>>>

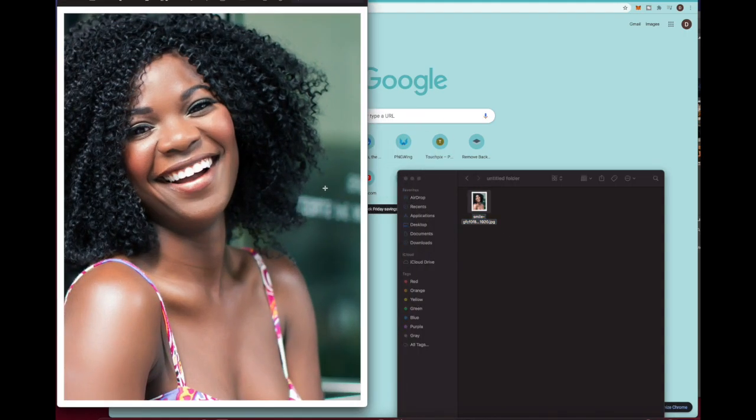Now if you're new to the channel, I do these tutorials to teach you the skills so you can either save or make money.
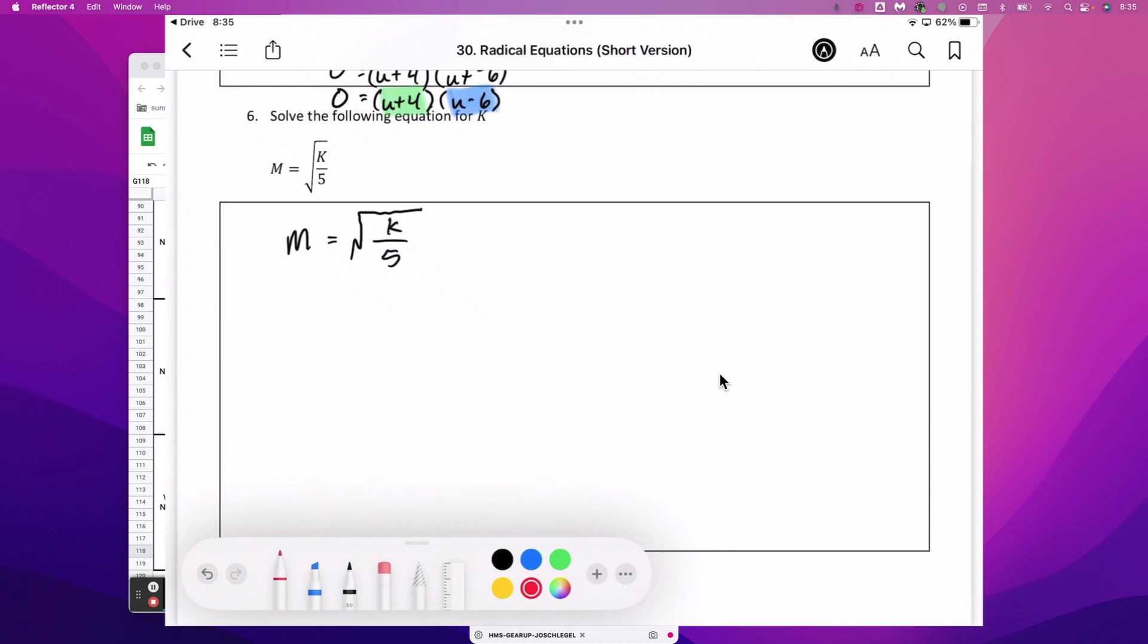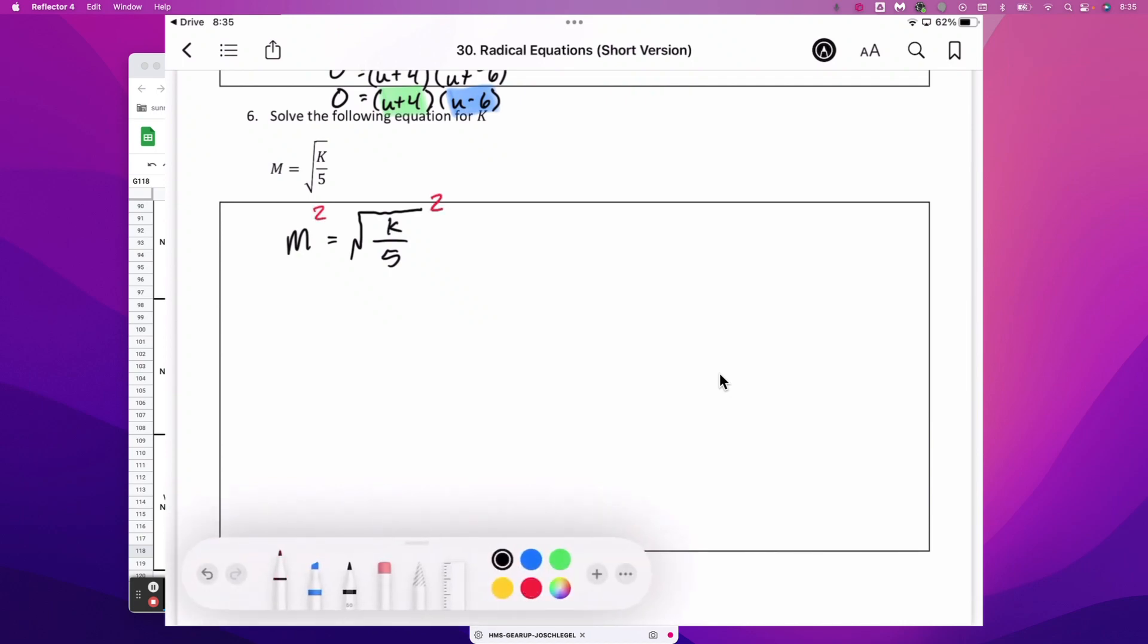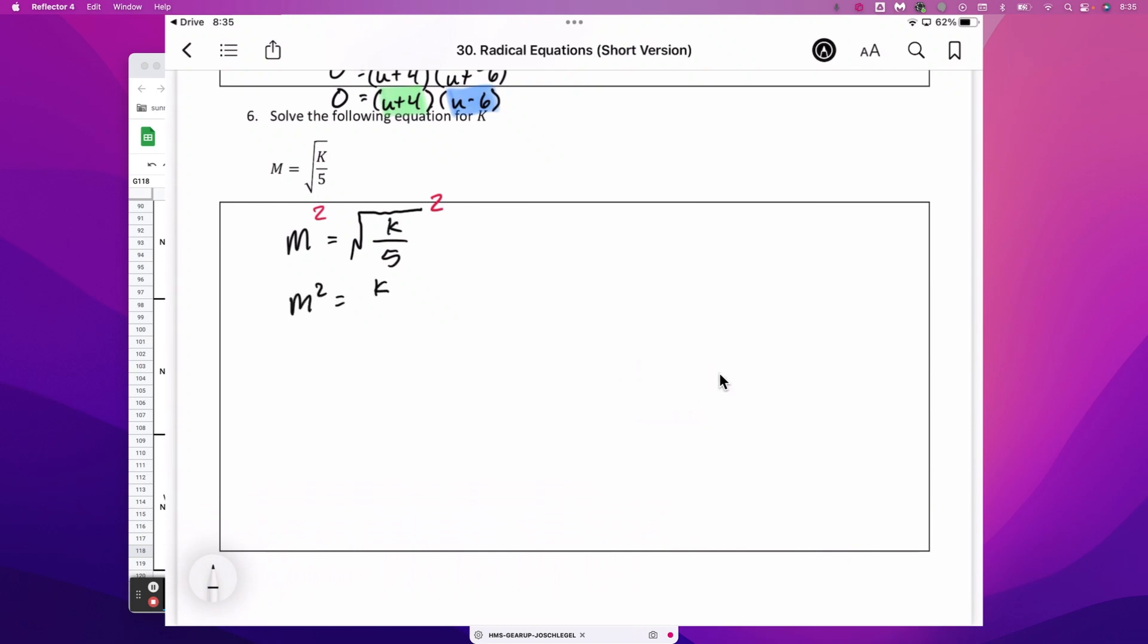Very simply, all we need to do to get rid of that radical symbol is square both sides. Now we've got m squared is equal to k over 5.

<<<
>>>

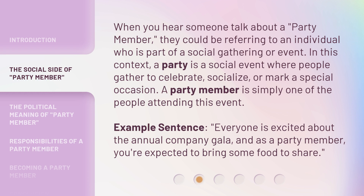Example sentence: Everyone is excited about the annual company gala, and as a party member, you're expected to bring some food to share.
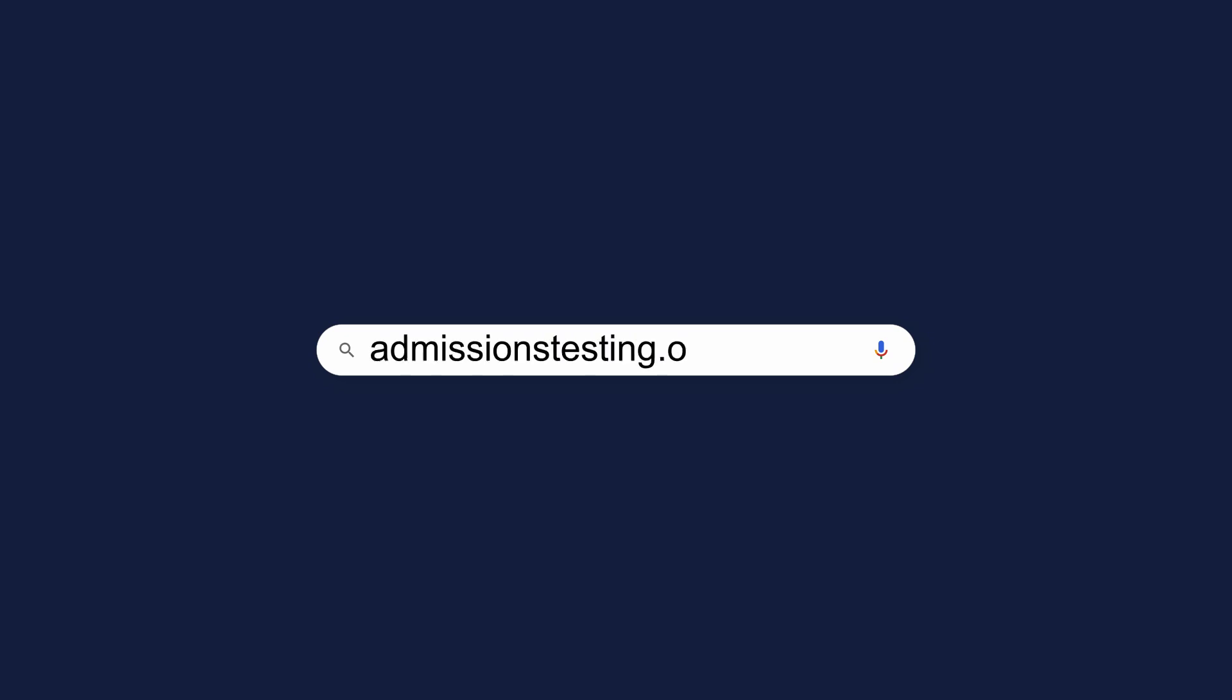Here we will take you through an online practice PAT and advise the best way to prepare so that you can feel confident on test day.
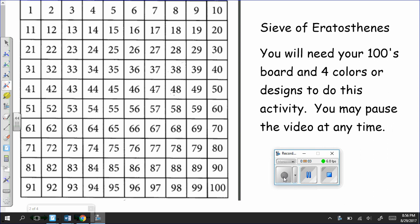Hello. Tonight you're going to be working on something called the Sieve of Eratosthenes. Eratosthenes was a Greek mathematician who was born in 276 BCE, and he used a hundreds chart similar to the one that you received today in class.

<<<
>>>

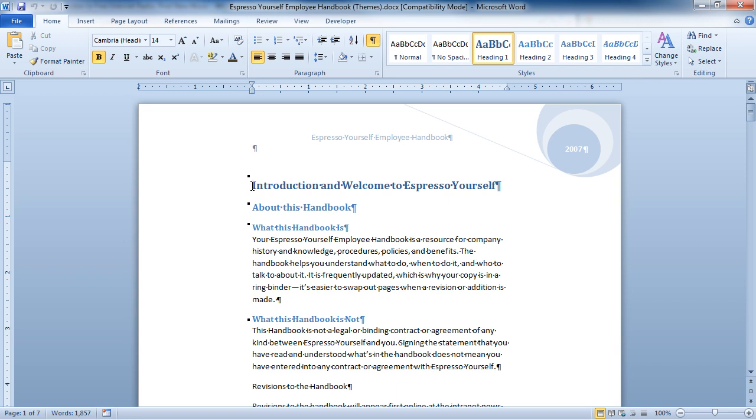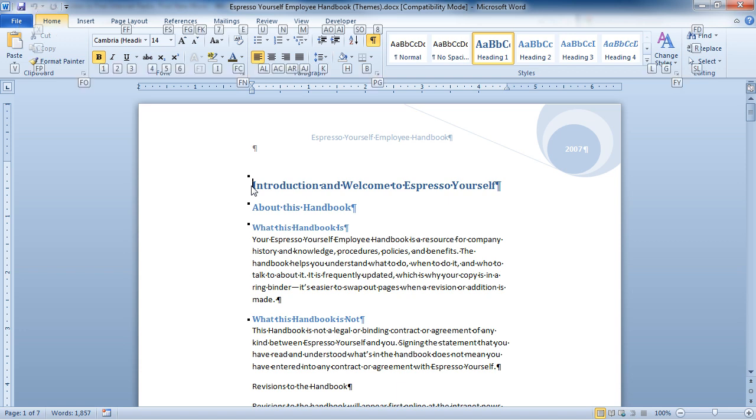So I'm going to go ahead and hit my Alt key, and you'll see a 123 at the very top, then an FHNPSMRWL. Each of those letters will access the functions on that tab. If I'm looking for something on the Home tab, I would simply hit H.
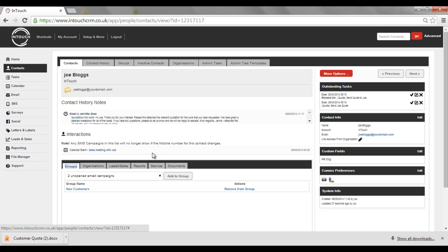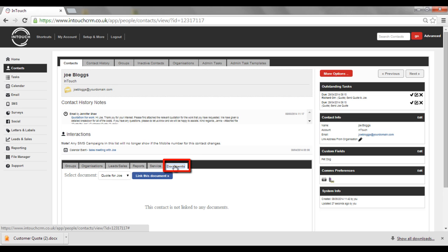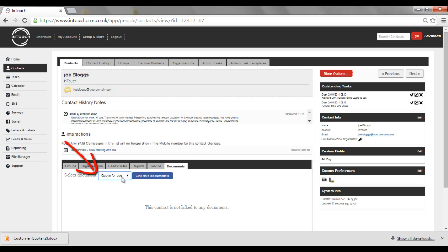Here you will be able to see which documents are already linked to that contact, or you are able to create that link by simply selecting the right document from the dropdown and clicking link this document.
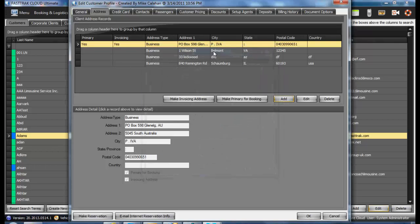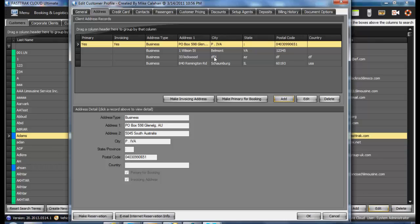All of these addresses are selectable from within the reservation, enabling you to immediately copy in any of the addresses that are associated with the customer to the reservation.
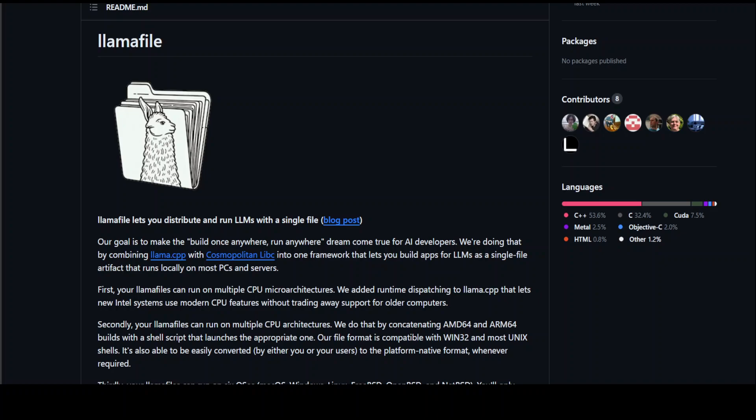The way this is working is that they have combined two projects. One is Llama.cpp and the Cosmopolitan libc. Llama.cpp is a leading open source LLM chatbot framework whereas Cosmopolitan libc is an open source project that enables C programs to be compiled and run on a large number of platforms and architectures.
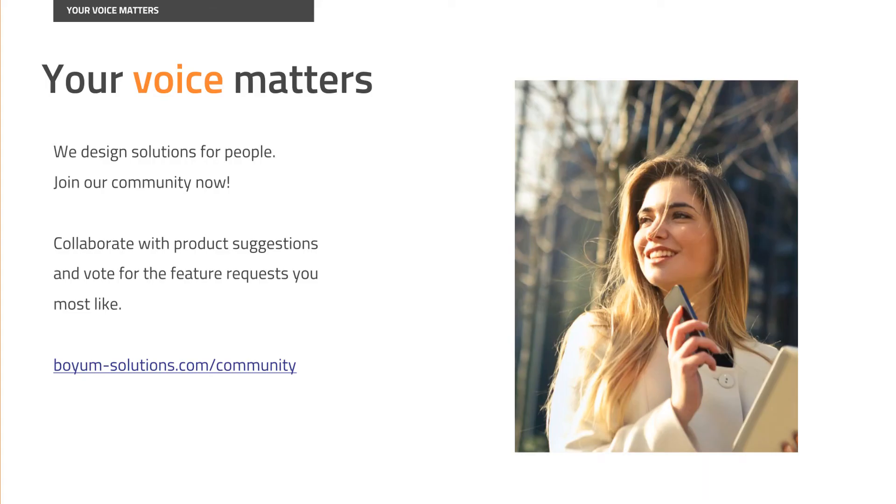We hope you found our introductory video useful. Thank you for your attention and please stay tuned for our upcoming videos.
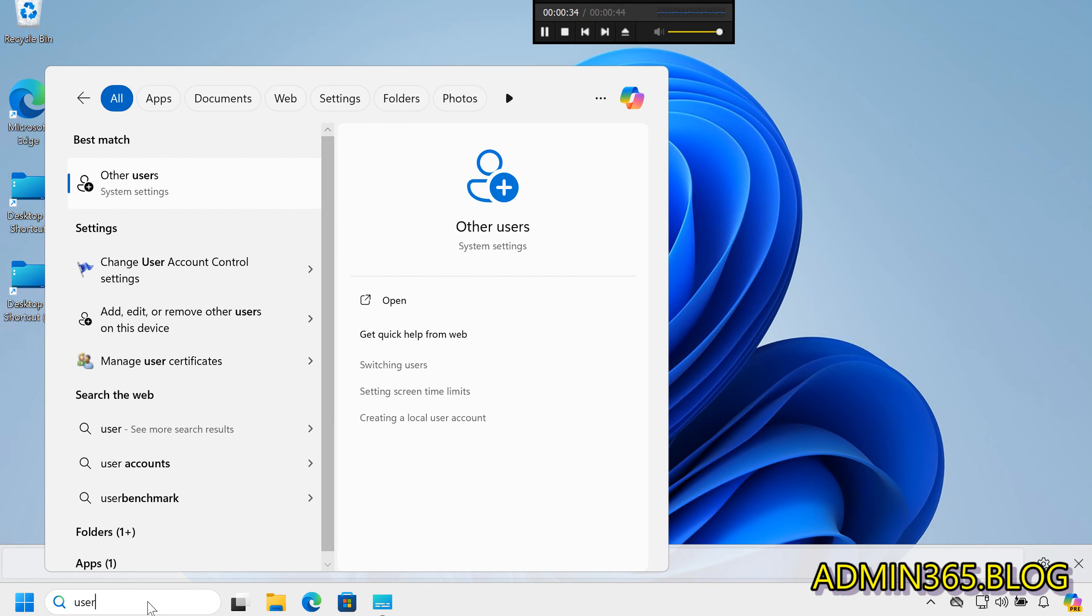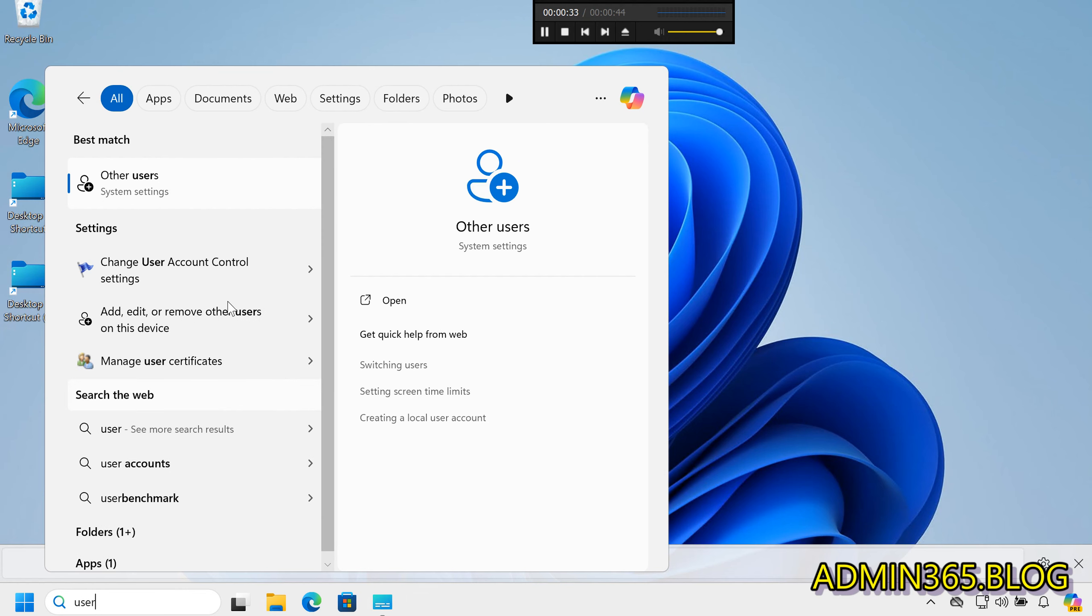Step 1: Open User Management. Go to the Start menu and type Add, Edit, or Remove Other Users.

<<<

▶ EXERCISE PROMPT: Above are the records; return the lines in them from the one with "The way this" to the one with "Step 1: Open", inclusive, exactly and without images.

▶ RESULT:
The way this is working is that they have combined two projects. One is Llama.cpp and the Cosmopolitan libc. Llama.cpp is a leading open source LLM chatbot framework whereas Cosmopolitan libc is an open source project that enables C programs to be compiled and run on a large number of platforms and architectures.
We hope you found our introductory video useful. Thank you for your attention and please stay tuned for our upcoming videos.
Step 1: Open User Management. Go to the Start menu and type Add, Edit, or Remove Other Users.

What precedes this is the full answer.